Tuesday, July 14

So I went to the track this afternoon, and found a few people from the local running community over there: they held a (very) small track race series for fun. This was a little bothersome, because they occupied the inner four lanes of the track. They had the 400 meters dash in like 10 minutes when I arrived, and they convinced me to participate - they let me in for free, because there were only 3 men in the race at that point. I thought maybe I could just use the opportunity to measure my 400 meters time. So without any preparation, at the end of a long workday, I ran a 400 meters race today. I guess I should go an and say...

2009 Summer Track Series

Presented by Strictly Running & The Columbia Running Club

400 meters Race Report

I was informed that the race starts in 7-8 minutes, so I had some time to warm up: I did 3 laps around the tracks (roughly 1270 meters, because I had to do 2 laps on the fifth lane, which is thirty-some meters longer). Then, after just a few minutes of delay, we lined up (all 4 of us). I was put on lane 3. I guess the organizer wanted to guess the levels of the runners and order us accordingly: the guy was on lane 1, was quite fast, and I knew the guy on lane 2, who - I know - is pretty good at long distance. He would beat me on any distance over 5 miles. I got lane 3, and a rather slow guy got lane 4. Of course I knew none of these men except for the one who ran on lane 2.

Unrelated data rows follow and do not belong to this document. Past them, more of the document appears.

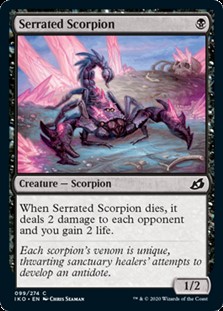 英語 鋸刃蠍 Serrated Scorpion アメニティードリーム通販部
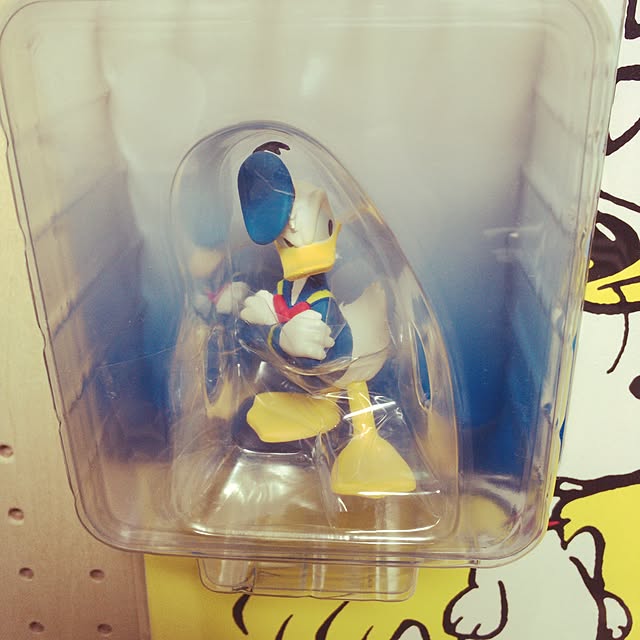 skpさんの実例写真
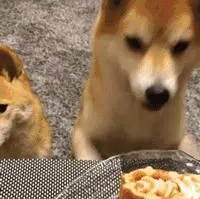 狗狗過年可以吃哪些食物?都在這裡告訴你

For those, who never saw track running on TV: lane 1 starts behind the other lanes, and then each lane is little further ahead to balance out the different lengths of the lanes. So the guy on lane 1 has the best position, because he can see everyone else. Also, if he passed another runner, he is definitely ahead of him.

We started the race. There is not much tactics on 400 meters. You just run like crazy. After 100 meters, your oxygen starts to run out, after 200 meters you start to hurt, after 300 meters, you want to stop more than anything, you gasp for air, and you think you will die, and then you have to sprint 100 more meters hard.

After 100 meters, I saw I was approaching the guy in lane 4, and I passed him at 150. Which was a really bad sign for him - we only did one turn at that point. At 200 meters, the guy from lane 1 passed me. I tried to hang on, but he was much faster than I. So I just ran the third 100 fairly fast, but not in suicidal pace. I was able to accelerate for the forth 100, and I actually got a little closer to lane 1 guy. He won the race with 1:06, I got second with 1:08. The other two guys were far behind us. Lane 2 guy (I'm supposed to know his name, but I'm quite bad with names) seemed to take it quite easy, and run like in a long distance event. Lane 4 guy was just probably slow.

My time is quite pathetic compared to competitive 400 meters runners, but according to Runners World's VO2 Max calculator, it shows 59.2 ml/kg/min, which is pretty good. That would make me capable to run a Boston Marathon Qualifier, if there were no other bottlenecks. :)

End of race report

Well, my interval training was a bit gruelling after this race, and I didn't quite hit my times on the subsequent 431 meter sprints (in lane 5), but I wasn't very far off. Anyway, I have to make a note to myself to change the interval training for Thursday, because the track series will take place on the university track every Tuesday for some time now. And I like to run in lane 1, 400 meters.